Courtesy Jamie Johnson
Jamie Johnson's latest film is about the growing concentration of wealth among families like his own.
Jamie Johnson's latest film is about the growing concentration of wealth among families like his own. Courtesy Jamie Johnson
Like a lot of Americans, Jamie Johnson worries about the growing income gap. Unlike a lot of people, however, Johnson is perched on the comfortable side of that gap. His family founded the Johnson & Johnson Co., and he grew up amid money and privilege.
In that world, there was an inviolable rule: Don't talk about money.
But Johnson is talking about it. He uses his background to make documentaries about the rich. The latest — called The One Percent — airs on Cinemax this month.
"I remember bringing it up with my family and I remember my father saying, 'Jamie, why are you talking to me about this? If anyone asks you about it, you tell them it's not true, tell them you're not related to the family that started Johnson & Johnson,'" Johnson says.
Wealthy people across the board are reluctant to talk about money, Johnson says. "Particularly in these old money, WASP-y families, it's even more of a taboo subject," he says.
It's a taboo that Johnson isn't afraid to violate. His first documentary was about the children of the rich. His latest is about the growing concentration of wealth among families like his own.
"Our family's fortune is growing faster than ever. We're a part of a small number of families that own most of the country's wealth. But having so much in the hands of so few can't be good for America," he says.
Johnson describes a world where the super-rich attend conferences to learn ways to avoid inheritance taxes and where sugar barons can buy access to presidents.
The film has its obvious side: Johnson likes to juxtapose scenes of deprivation — like New Orleans after Hurricane Katrina — with glimpses of country clubs and mansions. He interviews commentators like Ralph Nader, Kevin Phillips and Robert Reich all making familiar points. But Johnson has an earnestness and a youthful passion for his subject.

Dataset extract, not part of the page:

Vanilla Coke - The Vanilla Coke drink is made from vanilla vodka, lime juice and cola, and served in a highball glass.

In one scene, Johnson , then 26, spars with the late economist Milton Friedman, then 88.
"When society collapses, it will not be for the reasons you say. It will be because our government has grown too big, 'cause we have not held government down to size," Friedman says.

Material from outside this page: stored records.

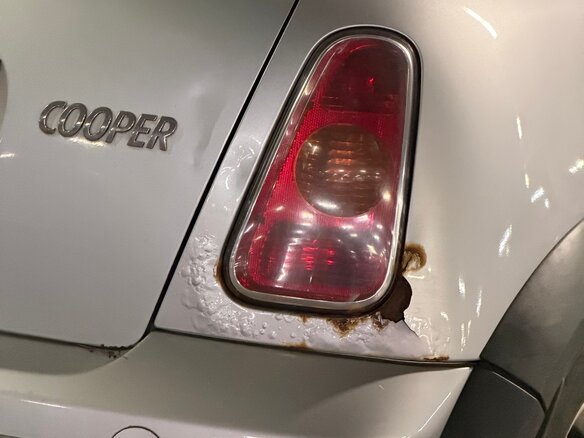 2003 Mini Hatch Cooper I (R50), серебристый - вид 12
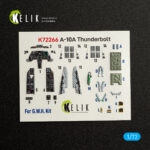 A-10A Thunderbolt -  interior 3D decals for GWH kit (1/72)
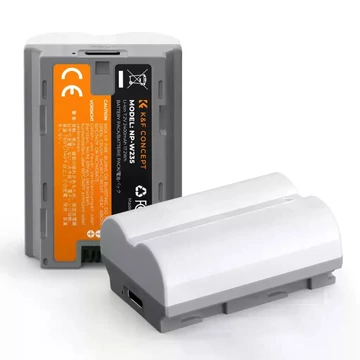 K&F Concept NP-W235 akkumulátor, 2db, 2400mAh, USB-C csatlakozóval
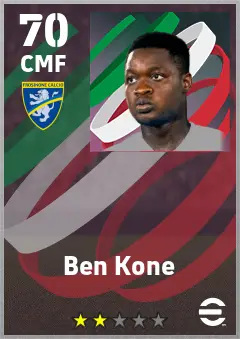 Ben Kone eFootball 2026 player card — 70 OVR CMF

"I'm nervous that because we're not asking the right questions, we're not willing to curtail our rapid growth," Johnson replies.
At which point, Friedman says its time for Johnson to leave because Johnson has exhausted his patience.
"I have?" Johnson asks.
The One Percent is also a family drama — part Eugene O'Neill and part Michael Moore. Johnson follows his own father around trying to interview him. He wears a hidden microphone and sneaks into a private club in Florida that requires members to wear white on the croquet court. At one point a family financial adviser tells him off.
In the course of the movie, Johnson learns his father once financed a documentary about apartheid. His father reluctantly agrees to talks about it. He says after the film aired on TV he was chewed out by Johnson & Johnson's CEO. It seemed the company did business in South Africa. Then he clams up again.
"I can't give you solutions for the world," his father tells him.
This tendency to take a battering-ram into the world where he grew up has angered his friends and family. But Johnson defends his techniques.
"I would say that I am able to observe certain things as a result of my position in this world. I was born in this world so I have an access that is unique in that way," he says.
As Johnson sees it, the refusal by the rich to acknowledge their privileges has made addressing the income gap difficult. His background helps him pierce the wealth bubble and provide a look into that world that most people never see.